To assess the safety of this technique at the bedside we conducted a retrospective cohort study approved by the Institutional Review Board of our hospital. All patients who undergo ECMO at our institution are entered prospectively in an institutional database. From this database, the records of all patients who underwent VV-ECMO from 2009 through 2014 were examined and sorted according to who had performed the decannulation, an intensivist or a surgeon. Those patients who had undergone decannulation as part of a planned withdrawal of care were excluded from this study.

The demographic and ECMO data that were obtained from the medical record included the following: gender; age; days spent on VV-ECMO; haemoglobin before and after; associated blood loss; and any other noted complication with decannulation. A complication was defined as bleeding that required transfusion, or any event that required an additional procedure or operative intervention. Data on the haemoglobin trend was collected, as bleeding was expected to be the most common and serious risk associated with decannulation. Two reviewers independently reviewed each chart, and the data was collected on a standardized sheet. The results were compared, and if there were any discrepancies, a third reviewer would review the chart to reconcile the differences.

The complication rates between decannulations by surgeons and intensivists were compared using the two-tailed Fisher exact test. Statistical analysis was performed using SAS 9.4 (SAS Institute, Cary, USA).

RESULTS

A total of 28 cases were included in this study. Intensivists decannulated 23 of these cases (82%) while a surgeon decannulated the remaining 5 cases (18%).
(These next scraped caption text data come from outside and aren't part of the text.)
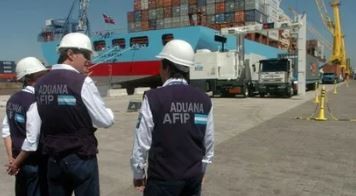 Fuerte rechazo del gremio de trabajadores aduaneros a la disolución de AFIP: "Viola la Constitución"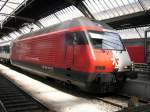 Re 460 (Lokportraits) Unseren diesj�hrigen Sommerurlaub verbrachten wir wieder im Berner Oberland. Bei der Anreise nach Spiez wurde dabei unser Zug IC 820 Romanshorm - Brig von der Werbe-460 090 geschoben bzw ab Bern wieder gezogen. Die Lok wirbt f�r den L�tschberg-Basistunnel. Heute muss sie allerdings nochmal �ber den Berg, statt durch das Loch im Berg. Ab Dezember darf sie dann 17 min Tunnel geniesen statt den Ausblick auf Sigriswiler Rothorn, Niederhorn, Bl�mlisalp und das Rhonetal. Z�rich HB, 12.07.2007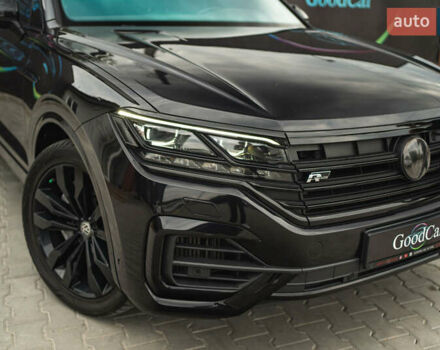 Черный Фольксваген Туарег, объемом двигателя 3.96 л и пробегом 170 тыс. км за 57777 $, фото 3 на Automoto.ua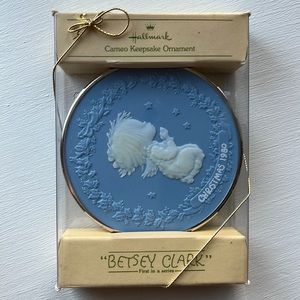 🎁 1980 Hallmark “Betsy Clark” Keepsake Ornament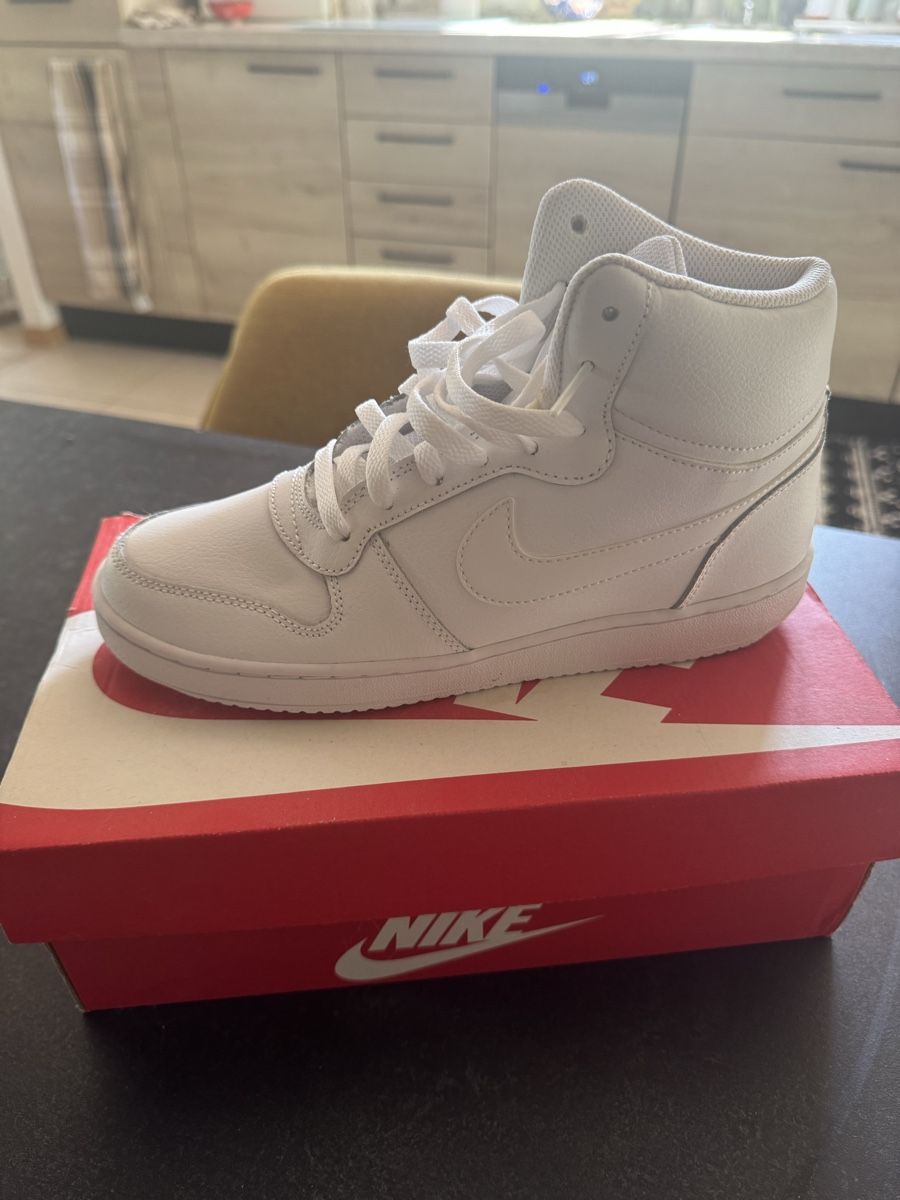 Chaussures hommes: Baskets Nike Ebernon Low blanches femme T. 37.5 – Neuf avec emballage d'origine à Bouveret par Ahava74 2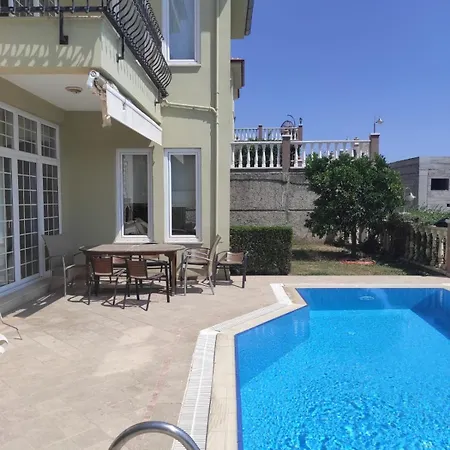 Ferdi Kiralama Apartamento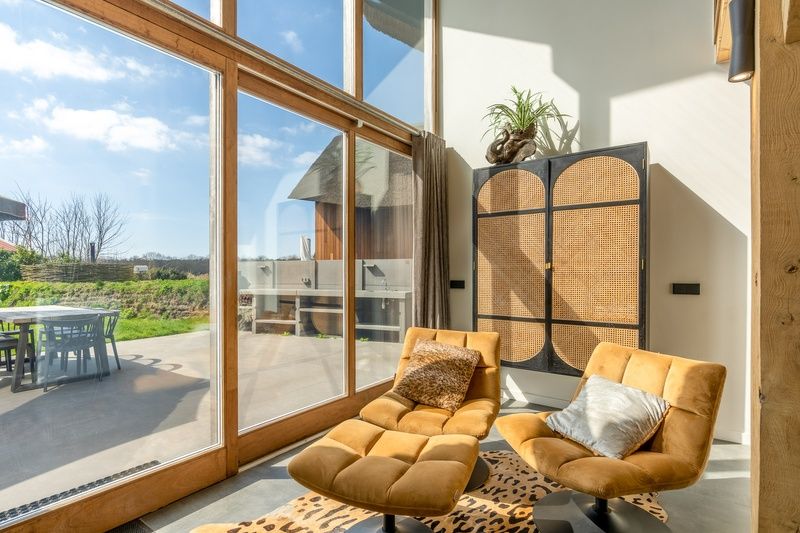 Bequeme Liegestuehle in der Villa 181 mit Whirlpool, De Koog Texel, mit Gartenblick.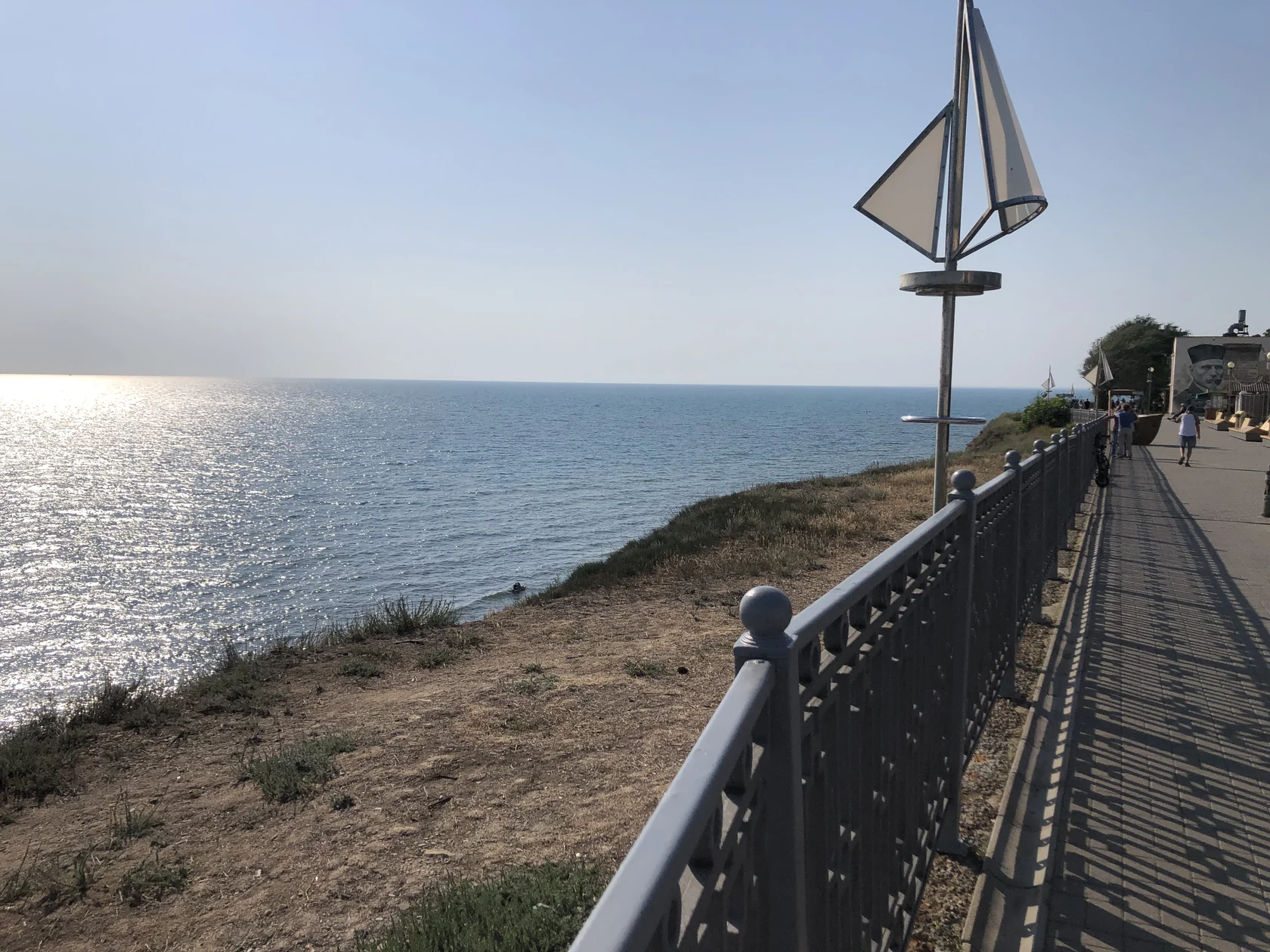 Высокий берег в Анапе, набережная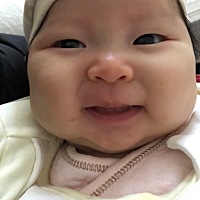妈妈拍的我跟爸爸拍的我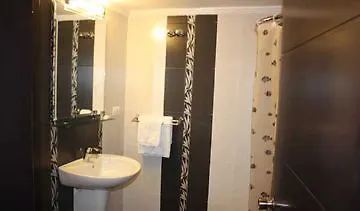 Mozart Hotel Beirut 3*,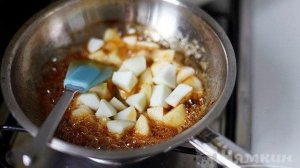 Открытый яблочный пирог с кремом из варёной сгущенки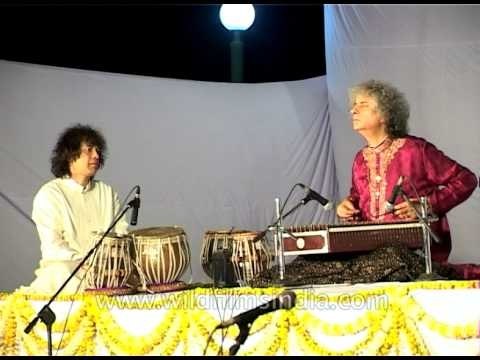Pandit Shiv Kumar Sharma and Zakir Hussain sharing same stage
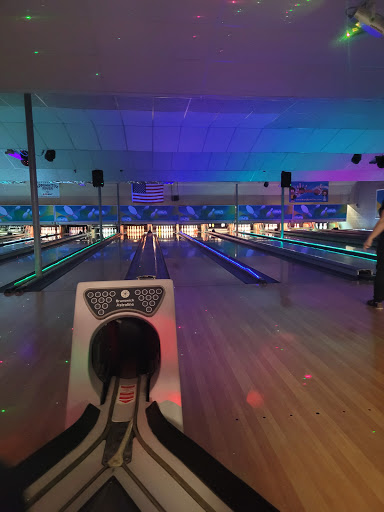 Bowling Alley «Hopewell Bowling Center», reviews and photos, 115 S 15th Ave, Hopewell, VA 23860, USA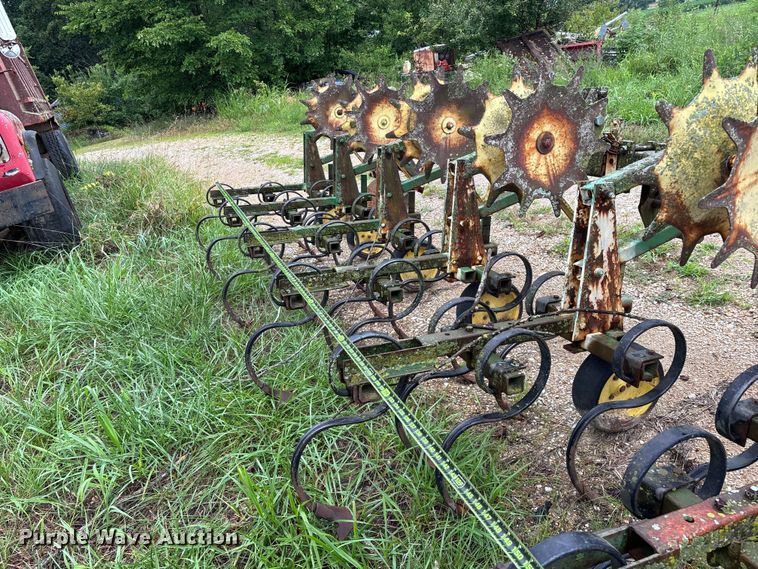 image for item EO4384 John Deere 825 row crop cultivator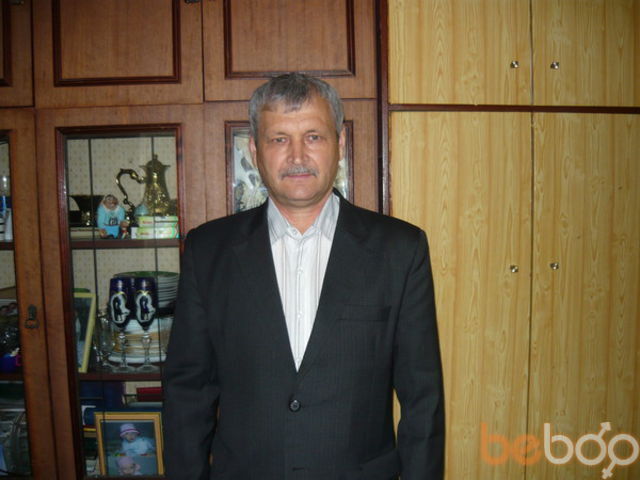  ,   Gennadiy, 70 ,   ,   , c 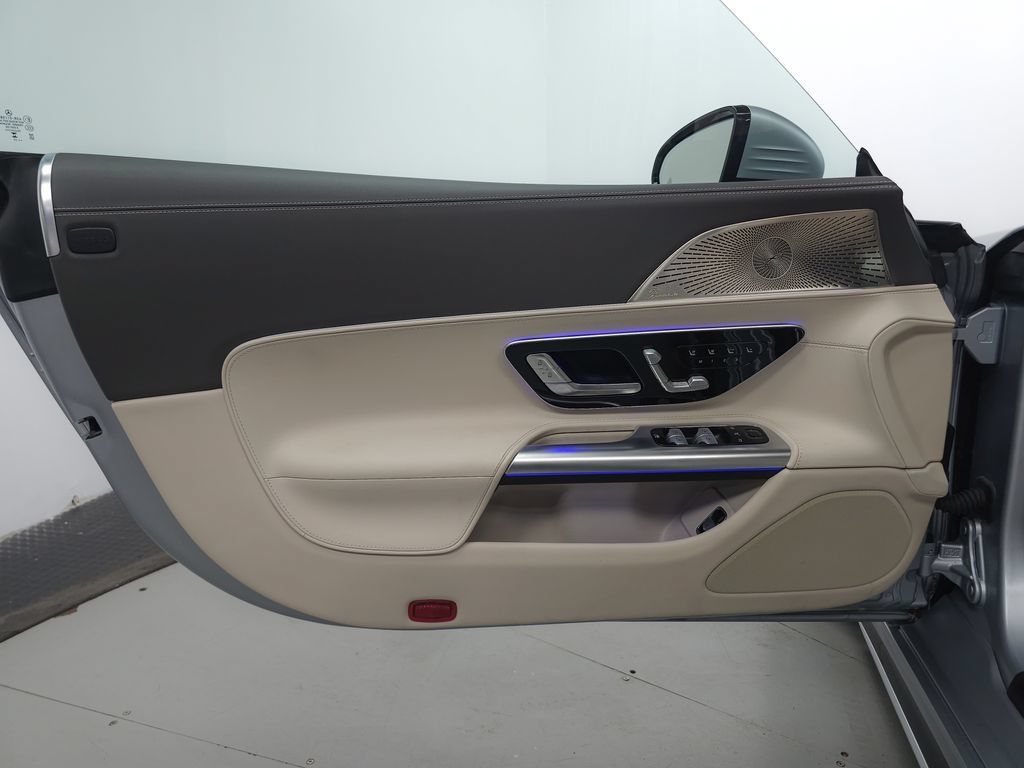 Used 2025 Mercedes-Benz SL 63 AMG 4MATIC image 6
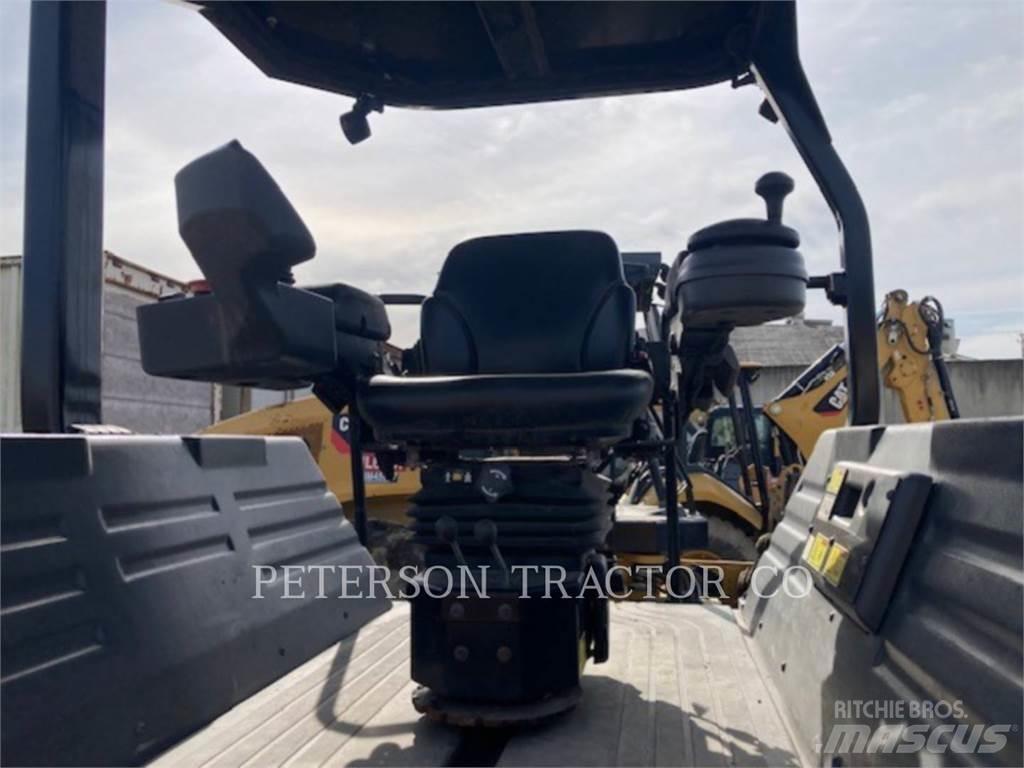 CAT CB13 Twin drum rollers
The demographic data is shown in Table 1. There were no significant differences between the respective intensivist and surgeon cohort demographics for the following: female gender percentage (52.2 vs. 40.0, P = 1.00); mean age in years (43.7 ± 13.0 vs. 42.6 ± 10.5, P = 0.854); mean BMI (36.5 ± 12.0 vs. 33.1 ± 13.3, P = 0.625); mean number of days on ECMO (14.6 ± 11.8 vs. 12.6 ± 7.0, P = 0.632); or mean percent change in haemoglobin with decannulation (1.1 ± 9.6 vs. -2.2 ± 12.9, P = 0.610). Although there was one observed minor complication during decannulation by an intensivist, there was no statistically significant difference in the complication rate between the two groups (P = 1.00).

Table 1. Demographics of VV-ECMO population decannulated by intensivists and surgeons. Data given as mean ± SD unless otherwise indicated

Variable Intensivist (n = 23) Surgeon (n = 5) P-value
Age (years) 43.7 ± 13.0 42.6 ± 10.5 0.854
Female gender (%) 52.2 40.0 1.00
BMI (kg m-2) 36.5 ± 12.0 33.1 ± 13.3 0.625
Days on VV-ECMO 14.6 ± 11.8 12.6 ± 7.0 0.632
Percent change in haemoglobin 1.1 ± 9.6 -2.2 ± 12.9 0.610
Number of complications with decannulation 1 0 1.00

DISCUSSION

Our study demonstrates that an appropriately trained intensivist can safely decannulate a VV-ECMO dual-lumen cannula by utilizing our purse-string suture technique in the ICU.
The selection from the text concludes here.